Now, it has always been my intention to be captain of my own classroom someday. I had just always planned for that classroom to be populated by teenagers approaching normalcy, not a bunch of cretinous tweens.

Cretinism is a thyroid related medical condition. My students are just dumb.

But here we are. So lets just make the best of this situation and make fun of those kids. Deal?

For the past several months whenever someone asks me how teaching has been, I reply with one word: "interesting". Because that's really all I can say without telling them about the minutiae of my job. I have a few rather singular stories that I share whenever I have time, and a thousand little commiserations when I have time to speak to somebody else who has to deal with children for a living. Today I'm going to start to share some of those noteworthy stories or opinions.

Let's begin with the opinions. Or as I'm going to call them "Facts".

"Kids are the worst! Am I right? Of course I'm right."

I teach roughly 170 students, give or take how many are suspended, across six classes. There are only 25 students in the 7th grade that I have not taught. That means in just my first year of teaching, I have taught roughly a fourth of the entire school's population. So I feel like I have a fairly accurate assessment of what my school has to offer.

*Disclaimer* I like my job. It's what I spent years of college preparing for. History and teaching are two things that I like to think I'm pretty good at. I have no thoughts about quitting, despite some of the kids taunting to the otherwise. I tell the kids that they pay me too much money for me to quit. This is just a chance to do some good-natured griping about my students.

Fact Number 1)

Middle school students are terrible, terrible people. Seventh graders are the worst of the worst. Keep that in mind when you read the things I say about them. They deserve it.

For serious.

Let me be clear: kids love Dr. Woofers, and Dr. Woofers loves kids. But these sub-humans are not, NOT kids. Middle school kids have all the worst qualities of children and adults. With none of the perks. They're like the opposite of sporks. The opposite of boat-planes. The opposite of surf and turf. I think you get the point.

Gross...

Fact number 2)

My school has some of the lowest of the low. I teach nearly all of them. There is not a moment in the day where I don't have at least five problem students in the classroom. In addition to behavior problems, I have students who read at a 2nd grade level. Not to be cruel, but one class also has eight students who are classified as being "high functioning" members of the special education program.

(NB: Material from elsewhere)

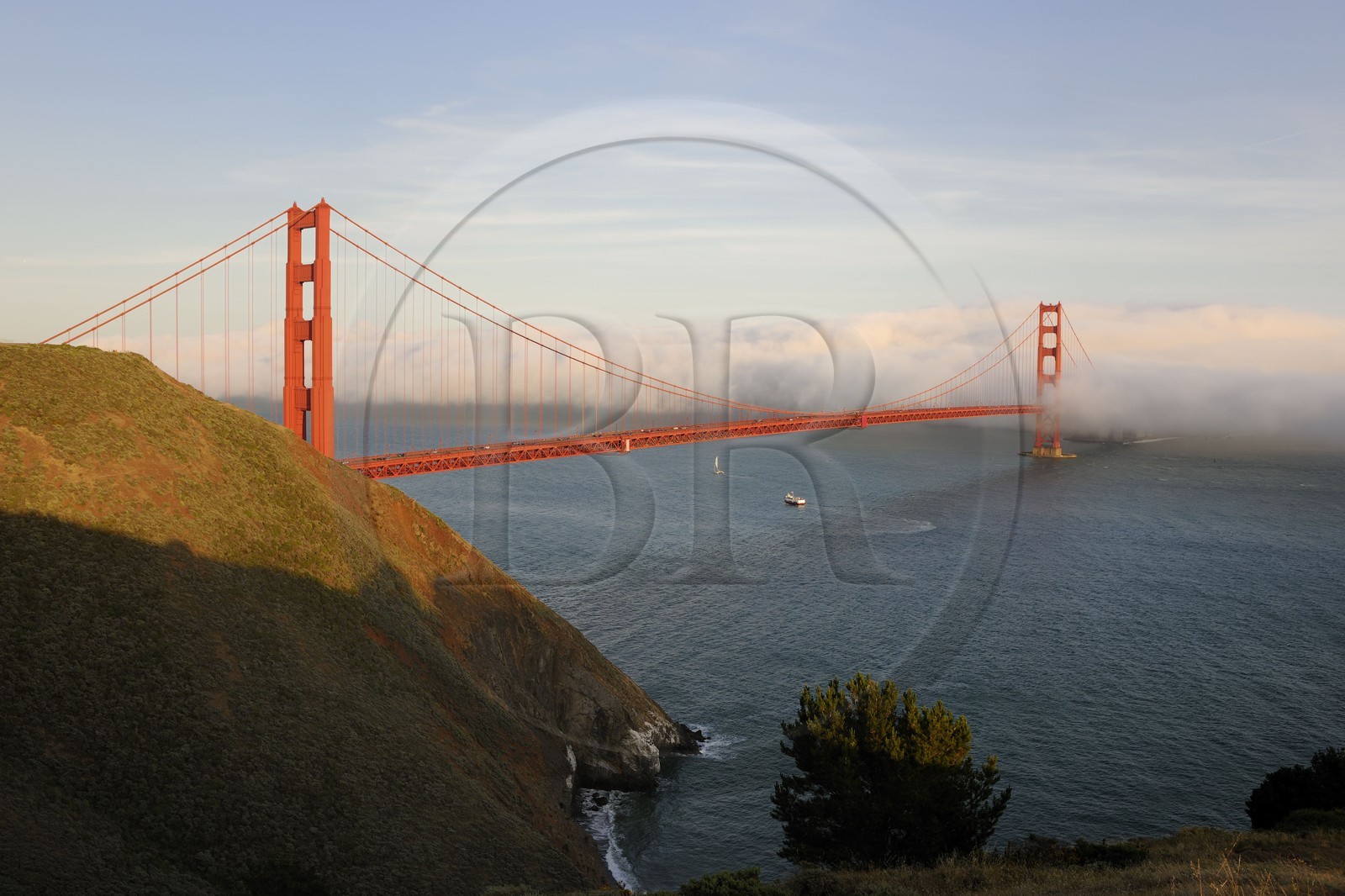 United States, California, San Francisco, Golden Gate Bridge rising above the fog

Gold medal level high functioning. Seriously, they're awesome.

We also have some really bright kids. Every school has the honors program, the gifted kids, the advanced class, whatever you want to call it. Our school is no different. This school has a robotics team. My high school didn't have a robotics team.

Don't get me wrong, those kids are terrible too. They think that they know everything. I had one kid try to tell me the historiography of the American Civil War. These kids can't stand to make bad grades. They whine more than the "dumb" kids when a study guide doesn't tell them every single answer they'll need for the upcoming test.

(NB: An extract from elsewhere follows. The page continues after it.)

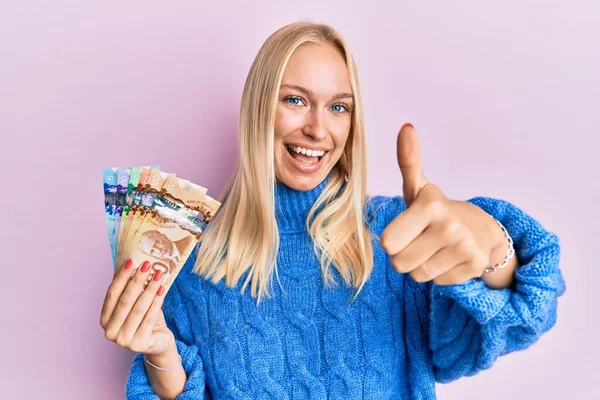 Menina Loira Jovem Segurando Dólares Canadenses Aprovando Fazer Gesto Positivo — Fotografia de Stock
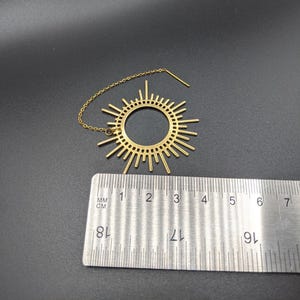 May include: Gold sunburst dangle earring with a chain and a small bead. The earring measures approximately 3 inches in diameter.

I don't even know what to do sometimes...

The lesson of the story is you can't win with middle school students. They are the quintessential Pyrrhic victory. You can't win for losing.

Fact Number 3)


Middle school kids seem to have a problem with converting their short term memory to long term memory. It's like every time they go to sleep at night, they forget everything that happened the day before. They have the memory span of Drew Barrymore in "50 First Dates". Not just things like not remembering what they learned during elementary school. But things that they just learned last period.

"What does "simile" mean? Think. Think. Think."

Anyway, this is just the start. I'm sure that at some point I will have the time to write up some of the anecdotes from my time in the crowded classroom. In the crowded hallway. In the crowded lunchroom. You get the point.